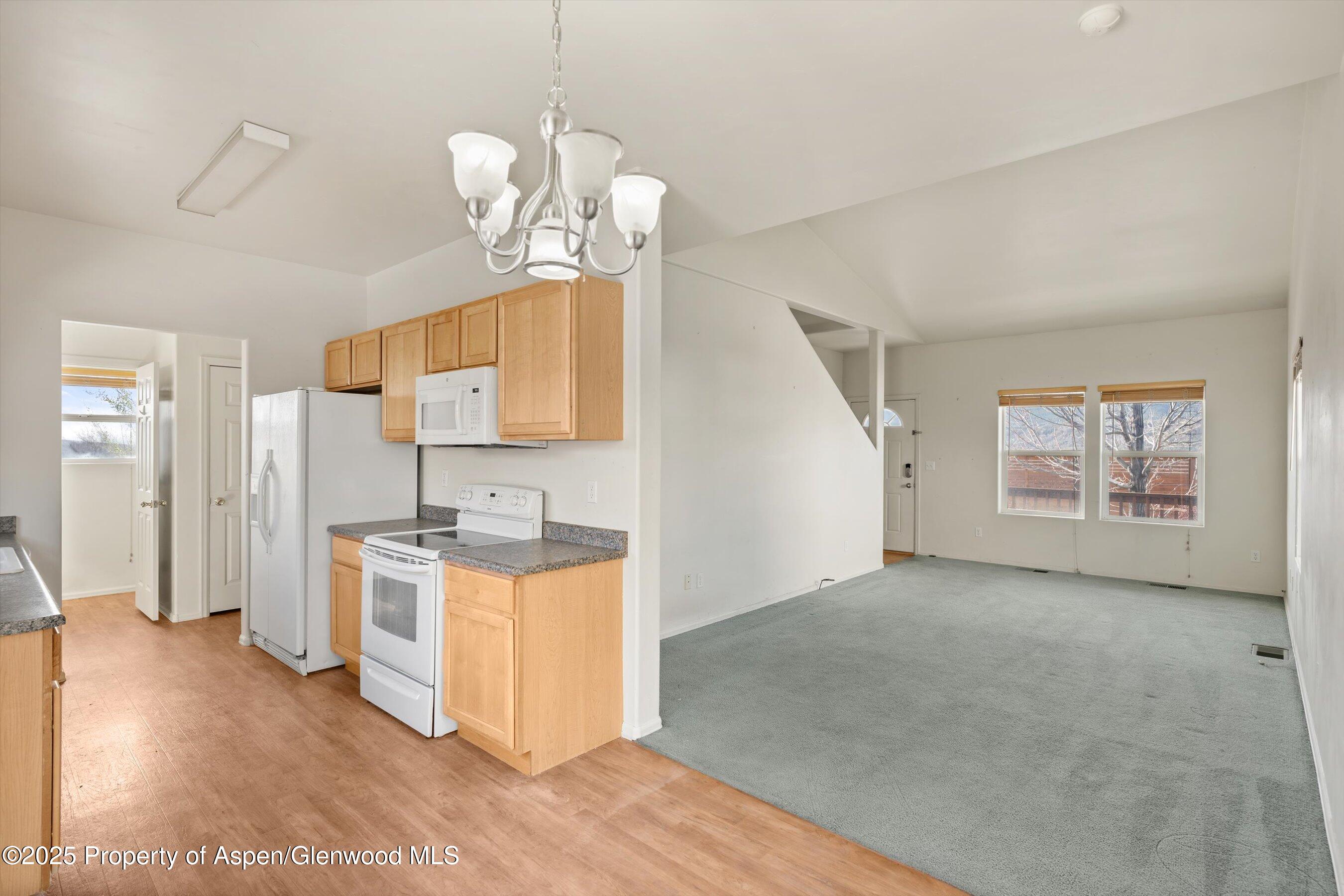 2420 Pioneer Way Rifle CO 81650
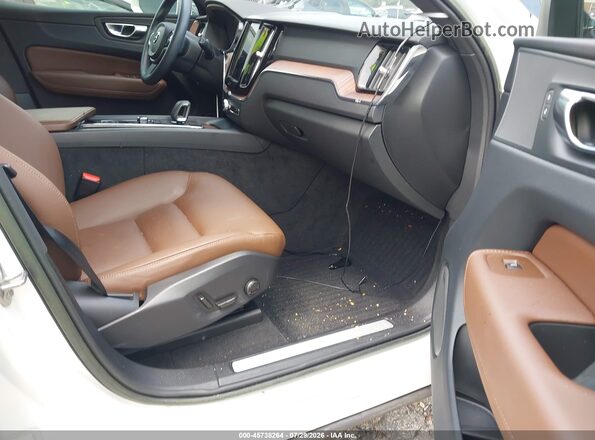 YV4L12DNXP1259558 2023 VOLVO XC60 White Widok wnętrza z przodu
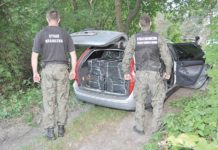 Kombi wypełnione kontrabandą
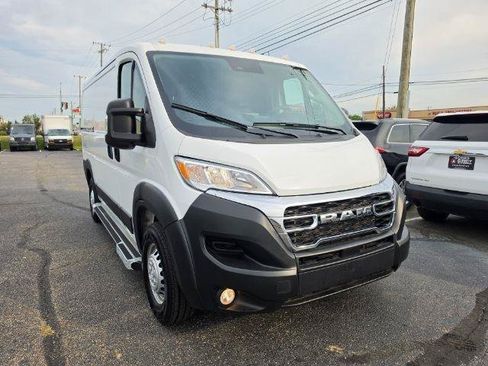 Used 2025 RAM ProMaster 2500 w/ U-Haul Equipment Group FWD image 4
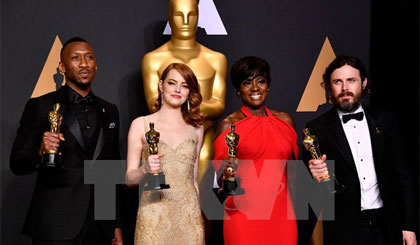 Nam diễn viên phụ xuất sắc nhất Mahershala Ali trong phim Moonlight, Nữ diễn viên chính xuất sắc nhất Emma Stone trong La La Land, Nữ diễn viên phụ xuất sắc nhất Viola Davis trong Fences và Nam diễn viên chính xuất sắc nhất Casey Affleck trong Manchester by the Sea.. (Nguồn: AFP/TTXVN)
* * * *
DESCRIPTION OF THE TASK = Transcribe the full listing above exactly as it stands, minus the pictures.

PROBLEM SOLUTION =
 2420 Pioneer Way Rifle CO 81650
 YV4L12DNXP1259558 2023 VOLVO XC60 White Widok wnętrza z przodu
 Kombi wypełnione kontrabandą
 Used 2025 RAM ProMaster 2500 w/ U-Haul Equipment Group FWD image 4
 Nam diễn viên phụ xuất sắc nhất Mahershala Ali trong phim Moonlight, Nữ diễn viên chính xuất sắc nhất Emma Stone trong La La Land, Nữ diễn viên phụ xuất sắc nhất Viola Davis trong Fences và Nam diễn viên chính xuất sắc nhất Casey Affleck trong Manchester by the Sea.. (Nguồn: AFP/TTXVN)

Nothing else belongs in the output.